Director Liability. A Fund will often seek to obtain the right to appoint one or more representatives to the
board of directors (or similar governing body) of the companies in which it invests. Serving on the board
of directors (or similar governing body) of a portfolio company exposes a Fund’s representatives, and
ultimately such Fund, to potential liability. Not all portfolio companies may obtain insurance with respect
to such liability, and the insurance that portfolio companies do obtain may be insufficient to adequately
protect officers and directors from such liability.

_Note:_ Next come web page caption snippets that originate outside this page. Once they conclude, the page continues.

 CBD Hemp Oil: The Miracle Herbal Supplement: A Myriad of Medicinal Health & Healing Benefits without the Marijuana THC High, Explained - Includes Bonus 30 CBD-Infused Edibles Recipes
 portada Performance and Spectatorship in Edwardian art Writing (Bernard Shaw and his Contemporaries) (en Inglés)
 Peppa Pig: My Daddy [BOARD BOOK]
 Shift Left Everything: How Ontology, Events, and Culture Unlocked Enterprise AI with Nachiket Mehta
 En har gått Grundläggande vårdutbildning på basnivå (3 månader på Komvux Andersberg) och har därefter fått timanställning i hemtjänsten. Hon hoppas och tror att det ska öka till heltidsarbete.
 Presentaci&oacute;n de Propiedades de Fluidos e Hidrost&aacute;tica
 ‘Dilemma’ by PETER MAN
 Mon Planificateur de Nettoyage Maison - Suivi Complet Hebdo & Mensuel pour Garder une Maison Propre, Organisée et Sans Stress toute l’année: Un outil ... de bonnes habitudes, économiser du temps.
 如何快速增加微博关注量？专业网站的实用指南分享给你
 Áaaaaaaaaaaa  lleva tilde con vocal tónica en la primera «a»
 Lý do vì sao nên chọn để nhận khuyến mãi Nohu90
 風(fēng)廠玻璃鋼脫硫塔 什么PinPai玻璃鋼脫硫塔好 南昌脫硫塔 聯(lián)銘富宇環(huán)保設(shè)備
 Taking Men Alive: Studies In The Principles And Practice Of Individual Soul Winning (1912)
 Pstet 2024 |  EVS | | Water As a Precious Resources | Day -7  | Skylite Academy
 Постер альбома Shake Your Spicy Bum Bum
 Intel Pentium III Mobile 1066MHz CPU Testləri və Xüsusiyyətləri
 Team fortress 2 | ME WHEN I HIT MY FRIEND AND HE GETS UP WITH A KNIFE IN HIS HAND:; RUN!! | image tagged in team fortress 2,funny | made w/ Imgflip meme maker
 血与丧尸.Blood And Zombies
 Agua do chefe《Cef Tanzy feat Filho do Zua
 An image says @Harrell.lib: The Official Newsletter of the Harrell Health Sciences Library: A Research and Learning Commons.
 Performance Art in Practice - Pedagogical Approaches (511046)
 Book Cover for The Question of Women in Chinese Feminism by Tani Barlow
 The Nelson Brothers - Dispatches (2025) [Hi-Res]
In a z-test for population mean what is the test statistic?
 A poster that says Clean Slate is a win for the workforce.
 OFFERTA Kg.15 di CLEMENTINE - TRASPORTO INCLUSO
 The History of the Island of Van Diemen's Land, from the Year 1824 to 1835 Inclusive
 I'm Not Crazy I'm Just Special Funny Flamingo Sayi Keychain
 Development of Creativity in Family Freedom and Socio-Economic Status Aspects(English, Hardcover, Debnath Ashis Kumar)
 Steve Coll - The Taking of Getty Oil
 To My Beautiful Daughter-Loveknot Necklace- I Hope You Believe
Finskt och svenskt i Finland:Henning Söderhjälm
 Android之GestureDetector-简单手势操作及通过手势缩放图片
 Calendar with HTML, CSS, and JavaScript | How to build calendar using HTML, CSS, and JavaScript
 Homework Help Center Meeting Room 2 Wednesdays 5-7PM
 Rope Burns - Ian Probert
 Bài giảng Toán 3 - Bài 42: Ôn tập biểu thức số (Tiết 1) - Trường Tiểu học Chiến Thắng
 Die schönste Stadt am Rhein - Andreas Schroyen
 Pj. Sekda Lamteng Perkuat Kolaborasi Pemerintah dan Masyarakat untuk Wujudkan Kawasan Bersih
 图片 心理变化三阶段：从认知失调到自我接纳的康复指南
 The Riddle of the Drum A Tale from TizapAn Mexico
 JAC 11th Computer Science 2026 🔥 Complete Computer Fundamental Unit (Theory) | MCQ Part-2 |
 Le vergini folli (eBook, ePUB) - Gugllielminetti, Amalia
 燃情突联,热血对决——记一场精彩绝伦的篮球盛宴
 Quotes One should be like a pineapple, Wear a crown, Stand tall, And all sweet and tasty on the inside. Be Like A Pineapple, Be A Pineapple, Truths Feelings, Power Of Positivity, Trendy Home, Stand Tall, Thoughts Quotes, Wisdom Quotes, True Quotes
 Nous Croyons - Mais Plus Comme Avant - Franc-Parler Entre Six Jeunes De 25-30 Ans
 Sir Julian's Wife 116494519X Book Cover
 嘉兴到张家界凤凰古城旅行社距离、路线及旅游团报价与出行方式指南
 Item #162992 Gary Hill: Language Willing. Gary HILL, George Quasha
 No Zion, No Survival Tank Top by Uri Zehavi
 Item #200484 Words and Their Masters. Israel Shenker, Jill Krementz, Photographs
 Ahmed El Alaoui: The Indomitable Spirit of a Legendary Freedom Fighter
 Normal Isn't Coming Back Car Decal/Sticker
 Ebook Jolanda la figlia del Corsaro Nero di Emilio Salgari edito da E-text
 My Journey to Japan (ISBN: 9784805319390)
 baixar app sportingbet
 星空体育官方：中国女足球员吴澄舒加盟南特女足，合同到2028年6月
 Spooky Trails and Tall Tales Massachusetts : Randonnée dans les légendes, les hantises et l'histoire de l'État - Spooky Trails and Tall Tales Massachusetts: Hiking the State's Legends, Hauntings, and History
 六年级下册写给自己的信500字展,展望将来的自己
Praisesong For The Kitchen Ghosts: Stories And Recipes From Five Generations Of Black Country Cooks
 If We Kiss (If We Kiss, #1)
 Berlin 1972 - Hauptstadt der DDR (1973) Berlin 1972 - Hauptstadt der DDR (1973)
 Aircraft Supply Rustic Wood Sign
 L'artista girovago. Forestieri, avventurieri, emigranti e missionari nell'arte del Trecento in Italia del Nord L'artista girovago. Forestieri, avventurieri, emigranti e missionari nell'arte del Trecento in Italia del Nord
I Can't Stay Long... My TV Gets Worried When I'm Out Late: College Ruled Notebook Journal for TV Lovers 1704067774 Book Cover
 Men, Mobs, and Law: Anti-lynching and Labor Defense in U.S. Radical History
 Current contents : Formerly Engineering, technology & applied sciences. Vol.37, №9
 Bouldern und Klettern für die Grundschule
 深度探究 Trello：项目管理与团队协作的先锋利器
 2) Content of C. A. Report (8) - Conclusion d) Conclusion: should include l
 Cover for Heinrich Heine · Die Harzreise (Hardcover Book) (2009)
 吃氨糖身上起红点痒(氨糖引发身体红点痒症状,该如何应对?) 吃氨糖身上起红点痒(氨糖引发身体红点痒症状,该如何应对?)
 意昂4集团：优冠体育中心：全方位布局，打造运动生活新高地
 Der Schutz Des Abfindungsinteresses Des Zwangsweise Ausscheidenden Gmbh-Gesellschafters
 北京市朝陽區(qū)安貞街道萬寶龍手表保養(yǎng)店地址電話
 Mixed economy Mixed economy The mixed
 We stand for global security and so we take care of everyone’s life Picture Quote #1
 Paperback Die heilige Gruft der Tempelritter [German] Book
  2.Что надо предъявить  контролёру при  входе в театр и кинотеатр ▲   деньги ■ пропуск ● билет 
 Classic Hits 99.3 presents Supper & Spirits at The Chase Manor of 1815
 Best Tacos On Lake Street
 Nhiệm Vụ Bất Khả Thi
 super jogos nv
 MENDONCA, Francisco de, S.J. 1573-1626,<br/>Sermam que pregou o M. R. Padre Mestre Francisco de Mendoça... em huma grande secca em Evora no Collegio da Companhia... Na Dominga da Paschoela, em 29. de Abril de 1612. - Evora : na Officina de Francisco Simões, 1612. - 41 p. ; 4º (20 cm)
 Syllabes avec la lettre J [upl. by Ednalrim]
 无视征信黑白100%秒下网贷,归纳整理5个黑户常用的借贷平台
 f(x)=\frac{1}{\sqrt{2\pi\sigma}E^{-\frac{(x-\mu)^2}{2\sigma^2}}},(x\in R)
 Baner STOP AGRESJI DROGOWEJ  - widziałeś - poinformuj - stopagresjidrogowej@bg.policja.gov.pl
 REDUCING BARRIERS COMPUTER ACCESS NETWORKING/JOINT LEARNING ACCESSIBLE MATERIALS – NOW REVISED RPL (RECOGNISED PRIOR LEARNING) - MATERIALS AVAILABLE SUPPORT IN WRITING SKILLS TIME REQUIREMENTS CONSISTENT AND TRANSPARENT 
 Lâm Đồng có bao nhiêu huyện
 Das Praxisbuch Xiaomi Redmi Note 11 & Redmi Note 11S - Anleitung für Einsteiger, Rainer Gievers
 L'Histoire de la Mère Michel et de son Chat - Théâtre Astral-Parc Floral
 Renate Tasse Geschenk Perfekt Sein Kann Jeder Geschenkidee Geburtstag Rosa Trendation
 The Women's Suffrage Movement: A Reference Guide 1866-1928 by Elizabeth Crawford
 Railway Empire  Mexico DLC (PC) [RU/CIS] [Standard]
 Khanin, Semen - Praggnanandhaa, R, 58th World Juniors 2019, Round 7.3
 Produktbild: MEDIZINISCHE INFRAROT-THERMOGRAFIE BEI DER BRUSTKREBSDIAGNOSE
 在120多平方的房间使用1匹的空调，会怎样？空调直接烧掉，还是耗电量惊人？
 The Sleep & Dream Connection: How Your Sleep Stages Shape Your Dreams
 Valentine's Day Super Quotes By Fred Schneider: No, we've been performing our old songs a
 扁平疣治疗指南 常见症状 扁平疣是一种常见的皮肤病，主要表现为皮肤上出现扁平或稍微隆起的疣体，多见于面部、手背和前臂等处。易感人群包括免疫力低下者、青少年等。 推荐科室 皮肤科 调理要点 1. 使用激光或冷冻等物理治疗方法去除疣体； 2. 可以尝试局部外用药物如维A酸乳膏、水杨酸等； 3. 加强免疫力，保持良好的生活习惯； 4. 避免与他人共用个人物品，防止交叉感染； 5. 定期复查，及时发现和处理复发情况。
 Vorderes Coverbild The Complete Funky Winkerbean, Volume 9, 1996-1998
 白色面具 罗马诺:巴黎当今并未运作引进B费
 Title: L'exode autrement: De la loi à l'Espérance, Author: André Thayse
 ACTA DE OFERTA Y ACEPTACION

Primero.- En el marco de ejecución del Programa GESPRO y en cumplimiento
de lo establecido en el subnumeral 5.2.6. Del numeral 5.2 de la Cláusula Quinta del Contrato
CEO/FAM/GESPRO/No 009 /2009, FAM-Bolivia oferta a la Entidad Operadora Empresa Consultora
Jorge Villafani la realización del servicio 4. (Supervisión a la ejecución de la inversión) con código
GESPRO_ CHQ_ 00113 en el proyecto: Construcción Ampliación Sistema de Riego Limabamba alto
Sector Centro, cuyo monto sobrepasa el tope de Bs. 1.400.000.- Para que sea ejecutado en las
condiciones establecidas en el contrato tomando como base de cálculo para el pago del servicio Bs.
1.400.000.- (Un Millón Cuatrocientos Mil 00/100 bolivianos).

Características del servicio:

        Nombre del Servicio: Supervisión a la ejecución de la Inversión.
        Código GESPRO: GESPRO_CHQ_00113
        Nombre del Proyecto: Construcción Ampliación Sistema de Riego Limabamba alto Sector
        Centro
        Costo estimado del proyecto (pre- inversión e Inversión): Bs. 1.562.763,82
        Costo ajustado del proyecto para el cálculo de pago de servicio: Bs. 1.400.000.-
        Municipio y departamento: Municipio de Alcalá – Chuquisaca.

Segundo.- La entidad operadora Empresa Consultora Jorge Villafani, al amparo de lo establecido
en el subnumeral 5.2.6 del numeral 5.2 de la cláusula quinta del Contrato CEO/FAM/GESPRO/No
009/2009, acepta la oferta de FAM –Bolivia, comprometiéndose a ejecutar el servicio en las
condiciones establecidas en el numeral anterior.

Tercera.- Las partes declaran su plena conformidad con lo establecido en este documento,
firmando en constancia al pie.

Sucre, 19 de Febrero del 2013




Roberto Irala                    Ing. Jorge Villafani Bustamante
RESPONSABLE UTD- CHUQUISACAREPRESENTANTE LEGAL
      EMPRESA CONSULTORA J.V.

Uncertain Economic and Political Environment. The current global economic and political climate is one
of uncertainty. A climate of uncertainty may reduce the availability of potential investment opportunities
and may increase the difficulty of modeling market conditions, reducing the accuracy of the financial
projections. Furthermore, such uncertainty may have an adverse effect upon the portfolio companies in
which the Funds make investments.
Potential for Variations in Investment Strategy. While the Firm generally intends to make private equity
investments as described herein, it may pursue additional investment strategies and may modify or depart
from its initial investment strategy, investment process, and investment techniques as it determines
appropriate. In the event that the Firm departs from the investment strategy of pursuing investments
outside of the industries and sectors in which the Firm principals previously made investments this
departure may result in unanticipated investment losses to the Funds.
Legal and Regulatory Risks. The Funds are subject to regulation by laws at local and national levels and in
multiple jurisdictions, including foreign countries. Specific and general regulations addressing capital
markets, including tax laws and regulations, whether in the United States or abroad, could increase the
cost of acquiring, holding, or divesting portfolio investments, the profitability of investments, and the
costs of operating the Funds. Additional regulation could also increase the risk of third-party litigation.
Pay-to-Play Laws, Regulations and Policies. A number of U.S. states and municipal pension plans have
adopted so-called “pay-to-play” laws, regulations or policies which prohibit, restrict or require disclosure
of payments to (and/or certain contacts with) state officials by individuals and entities seeking to do
business with state entities, including those seeking investments by public retirement funds. The SEC has
adopted rules that, among other things, prohibit an investment adviser from providing advisory services
for compensation to a government client for two years after the adviser or certain of its executives,
employees or agents makes a contribution to certain elected officials or candidates. If the Firm or any of
its employees or affiliates or any service provider acting on their behalf fails to comply with such laws,
regulations or policies, such non-compliance could have an adverse effect on the Funds.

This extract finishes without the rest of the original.